DATASET: Begin

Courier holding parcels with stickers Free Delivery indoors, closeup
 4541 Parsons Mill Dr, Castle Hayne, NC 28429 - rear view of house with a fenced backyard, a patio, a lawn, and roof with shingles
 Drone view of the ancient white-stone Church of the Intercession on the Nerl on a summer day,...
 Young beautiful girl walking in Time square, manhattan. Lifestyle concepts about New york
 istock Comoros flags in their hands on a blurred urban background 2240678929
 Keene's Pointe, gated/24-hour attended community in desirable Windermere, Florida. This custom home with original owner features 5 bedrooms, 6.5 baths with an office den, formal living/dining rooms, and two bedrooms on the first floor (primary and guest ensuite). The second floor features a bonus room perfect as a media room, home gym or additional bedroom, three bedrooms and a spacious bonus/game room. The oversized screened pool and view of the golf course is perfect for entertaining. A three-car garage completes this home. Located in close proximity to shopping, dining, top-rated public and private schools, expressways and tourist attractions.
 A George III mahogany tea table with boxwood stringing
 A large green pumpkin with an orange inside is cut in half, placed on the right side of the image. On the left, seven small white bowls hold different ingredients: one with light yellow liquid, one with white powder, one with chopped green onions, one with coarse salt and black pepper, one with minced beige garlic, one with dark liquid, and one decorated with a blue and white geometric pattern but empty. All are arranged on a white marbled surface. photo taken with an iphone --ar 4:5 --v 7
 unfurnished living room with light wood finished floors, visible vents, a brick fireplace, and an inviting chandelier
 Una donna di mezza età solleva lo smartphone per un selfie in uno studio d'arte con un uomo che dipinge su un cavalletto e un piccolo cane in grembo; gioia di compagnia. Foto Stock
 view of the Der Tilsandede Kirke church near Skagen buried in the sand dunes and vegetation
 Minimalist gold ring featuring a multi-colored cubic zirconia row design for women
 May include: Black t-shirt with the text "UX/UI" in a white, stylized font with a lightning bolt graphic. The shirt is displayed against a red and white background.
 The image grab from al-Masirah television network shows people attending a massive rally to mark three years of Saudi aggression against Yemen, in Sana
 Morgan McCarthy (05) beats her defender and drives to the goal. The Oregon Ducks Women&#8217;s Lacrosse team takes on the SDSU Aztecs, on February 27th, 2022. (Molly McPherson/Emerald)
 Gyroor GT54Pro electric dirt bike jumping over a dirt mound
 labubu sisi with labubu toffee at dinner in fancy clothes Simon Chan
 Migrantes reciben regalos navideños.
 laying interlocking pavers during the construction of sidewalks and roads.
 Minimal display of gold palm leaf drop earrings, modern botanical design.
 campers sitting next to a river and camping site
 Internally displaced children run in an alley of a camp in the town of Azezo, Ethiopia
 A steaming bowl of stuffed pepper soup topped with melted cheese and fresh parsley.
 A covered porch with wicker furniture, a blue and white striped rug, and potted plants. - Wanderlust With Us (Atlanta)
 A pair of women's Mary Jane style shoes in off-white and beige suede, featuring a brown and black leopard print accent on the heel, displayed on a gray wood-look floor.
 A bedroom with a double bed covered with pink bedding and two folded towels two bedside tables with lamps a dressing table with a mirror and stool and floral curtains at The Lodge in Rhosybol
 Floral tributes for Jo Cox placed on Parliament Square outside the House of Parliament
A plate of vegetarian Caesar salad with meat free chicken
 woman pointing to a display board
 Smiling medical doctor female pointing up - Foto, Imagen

DATASET: End

* **TASK DIRECTIONS**:
Having found the line that contains "A pair of women's", set down that line and all the rest through the end of the records, exactly.

* **RESPONSE TO THIS EXERCISE**:
 A pair of women's Mary Jane style shoes in off-white and beige suede, featuring a brown and black leopard print accent on the heel, displayed on a gray wood-look floor.
 A bedroom with a double bed covered with pink bedding and two folded towels two bedside tables with lamps a dressing table with a mirror and stool and floral curtains at The Lodge in Rhosybol
 Floral tributes for Jo Cox placed on Parliament Square outside the House of Parliament
A plate of vegetarian Caesar salad with meat free chicken
 woman pointing to a display board
 Smiling medical doctor female pointing up - Foto, Imagen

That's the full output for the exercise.